Provided material:
........
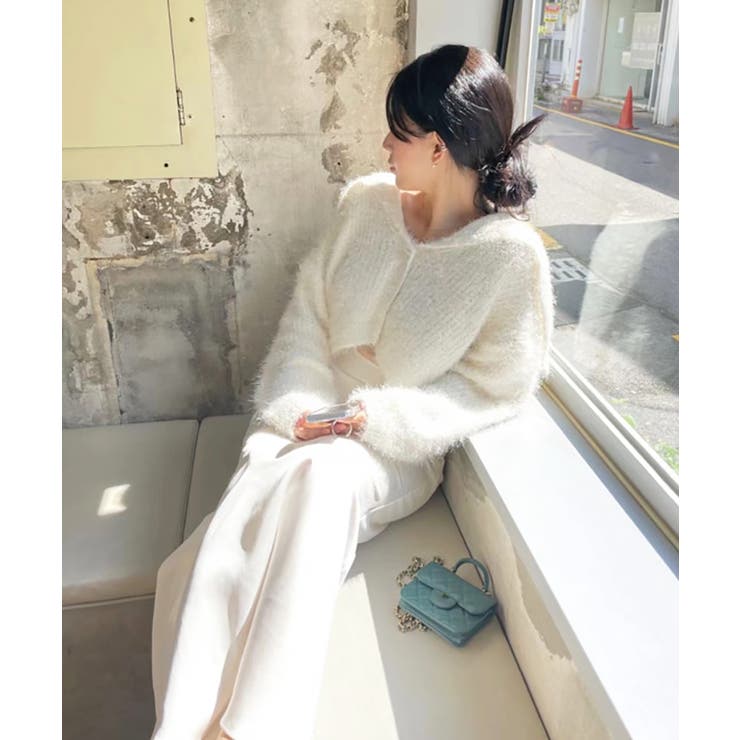 セーラーカラーショート丈モヘアニット[品番：ZJ000022952]｜Girly 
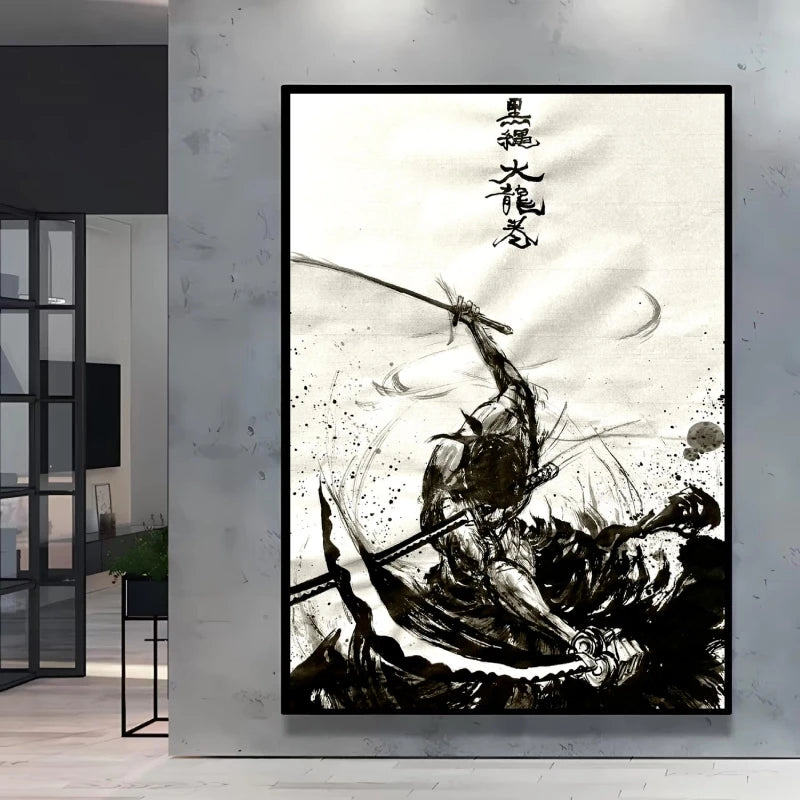 Poster “Zoro techniques” – Impression toile One Piece noir & blanc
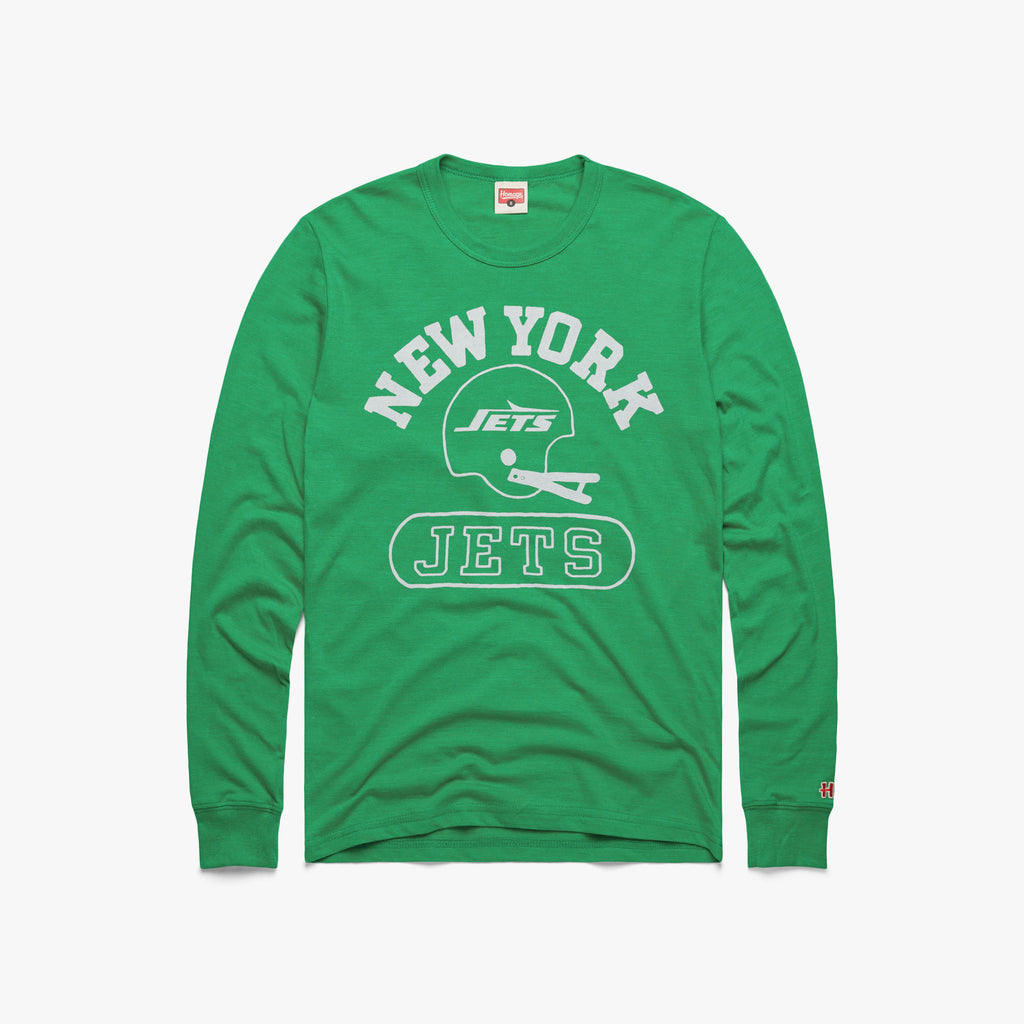 New York Jets Throwback Helmet Long Sleeve Tee from Homage. | Officially Licensed Vintage NFL Apparel from Homage Pro Shop.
........
Work item: Each line from the one containing "noir & blanc" through the last line of the listing must be copied exactly, and the pictures must not be.

Response:
 Poster “Zoro techniques” – Impression toile One Piece noir & blanc
 New York Jets Throwback Helmet Long Sleeve Tee from Homage. | Officially Licensed Vintage NFL Apparel from Homage Pro Shop.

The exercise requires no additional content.